I'm not going to pretend to be an expert at the Instagram algorithm because I'm really not but one thing I know is that Instagram are making it harder and harder for smaller accounts to be seen and to grow. That's why relevant hashtags are important but honestly it's not enough. Remember the outcry last year when they revealed they were changing the order you see your timeline in? It's basically that. No longer do you see pictures in chronological order but instead in order of popularity. So for example, if you post a picture and it gets 20 likes and 5 comments in the first 5 minutes, it's more likely that your photo is going to get seen by more people and in the long run get more likes and comments than someone who gets 10 likes and 0 comments in the same time frame. The more likes you get, the more chance there is of your posts actually being seen by your followers. So can you really blame people for using the pods? 
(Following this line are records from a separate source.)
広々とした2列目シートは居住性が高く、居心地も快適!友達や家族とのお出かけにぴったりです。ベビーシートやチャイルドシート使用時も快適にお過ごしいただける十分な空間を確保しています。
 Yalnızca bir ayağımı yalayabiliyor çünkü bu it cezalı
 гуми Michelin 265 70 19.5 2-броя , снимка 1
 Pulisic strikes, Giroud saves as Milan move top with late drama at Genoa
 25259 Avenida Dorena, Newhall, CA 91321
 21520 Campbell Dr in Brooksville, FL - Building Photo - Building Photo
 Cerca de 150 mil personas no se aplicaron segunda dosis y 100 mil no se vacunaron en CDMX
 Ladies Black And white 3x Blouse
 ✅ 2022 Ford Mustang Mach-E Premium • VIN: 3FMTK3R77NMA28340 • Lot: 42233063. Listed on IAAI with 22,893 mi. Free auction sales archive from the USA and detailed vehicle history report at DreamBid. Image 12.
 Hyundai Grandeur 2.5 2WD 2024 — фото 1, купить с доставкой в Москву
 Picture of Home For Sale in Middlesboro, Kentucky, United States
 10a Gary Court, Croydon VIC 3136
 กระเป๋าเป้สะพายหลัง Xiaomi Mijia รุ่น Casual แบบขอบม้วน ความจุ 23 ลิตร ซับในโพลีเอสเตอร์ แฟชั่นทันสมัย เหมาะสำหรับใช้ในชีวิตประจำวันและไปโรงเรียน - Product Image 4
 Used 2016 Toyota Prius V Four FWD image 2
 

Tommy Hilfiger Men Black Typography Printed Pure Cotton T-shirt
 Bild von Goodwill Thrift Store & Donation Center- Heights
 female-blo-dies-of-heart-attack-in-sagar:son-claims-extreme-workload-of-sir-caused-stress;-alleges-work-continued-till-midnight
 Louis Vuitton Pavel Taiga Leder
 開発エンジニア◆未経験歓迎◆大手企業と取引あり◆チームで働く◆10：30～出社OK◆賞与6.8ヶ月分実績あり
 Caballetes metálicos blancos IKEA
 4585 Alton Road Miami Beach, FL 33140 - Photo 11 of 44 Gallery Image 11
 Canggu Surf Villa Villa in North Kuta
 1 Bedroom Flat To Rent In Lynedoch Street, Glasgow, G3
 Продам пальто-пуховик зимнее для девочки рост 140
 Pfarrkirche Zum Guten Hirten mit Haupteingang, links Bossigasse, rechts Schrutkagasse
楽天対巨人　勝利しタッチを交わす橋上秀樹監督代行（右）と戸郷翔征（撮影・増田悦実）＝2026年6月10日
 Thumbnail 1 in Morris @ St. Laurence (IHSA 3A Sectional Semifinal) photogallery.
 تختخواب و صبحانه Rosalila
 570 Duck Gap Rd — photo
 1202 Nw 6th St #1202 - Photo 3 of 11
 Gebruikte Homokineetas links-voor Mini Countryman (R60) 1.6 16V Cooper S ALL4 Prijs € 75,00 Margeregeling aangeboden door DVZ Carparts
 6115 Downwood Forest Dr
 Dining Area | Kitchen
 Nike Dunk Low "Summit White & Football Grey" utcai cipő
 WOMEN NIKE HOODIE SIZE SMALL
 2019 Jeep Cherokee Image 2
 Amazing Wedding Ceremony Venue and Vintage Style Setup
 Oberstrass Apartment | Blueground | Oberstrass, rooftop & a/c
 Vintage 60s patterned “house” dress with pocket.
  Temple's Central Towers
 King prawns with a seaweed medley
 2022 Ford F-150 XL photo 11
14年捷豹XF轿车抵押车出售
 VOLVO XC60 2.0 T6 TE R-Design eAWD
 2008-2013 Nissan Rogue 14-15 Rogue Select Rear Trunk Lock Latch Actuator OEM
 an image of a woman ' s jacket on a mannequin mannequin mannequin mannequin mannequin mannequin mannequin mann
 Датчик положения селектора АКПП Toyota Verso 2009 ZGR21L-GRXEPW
Here's another thing people don't seem to get - not all of the engagement is coming from the pods! In most pods there are only about 5-10 active users. So this means 5-10 extra likes/comments on your post. Not quite the "thousands of boring and repetitive comments" some people on twitter were claiming the pods create. The idea of the pods is to help you to gain real engagement, not just to get "fake" engagement. If all the engagement was from a bot or a pod member then yes it would be fake but that's not what really happens. 

Brands play a big part

A lot of the negativity towards comment pods is focused on how using them is basically lying to brands. But I think that brands actually have a lot to answer for. Maybe if they cared more about our content and what we had to say rather than the number of Instagram followers we had then maybe people wouldn't feel so inclined to use comment pods to help them grow their accounts. In fact, the whole of the internet and social media would be a much more enjoyable place if brands (and everyone else) rated quality over quantity. 

Pods create a community

Another argument raised was that the comments being received on the photos were repetitive, boring and unrelated to the subject whist the people who are commenting wouldn't even care about the photo if they weren't in the pod. Whilst this may be the case with some pods, it definitely doesn't have to be and isn't with the two I am in. 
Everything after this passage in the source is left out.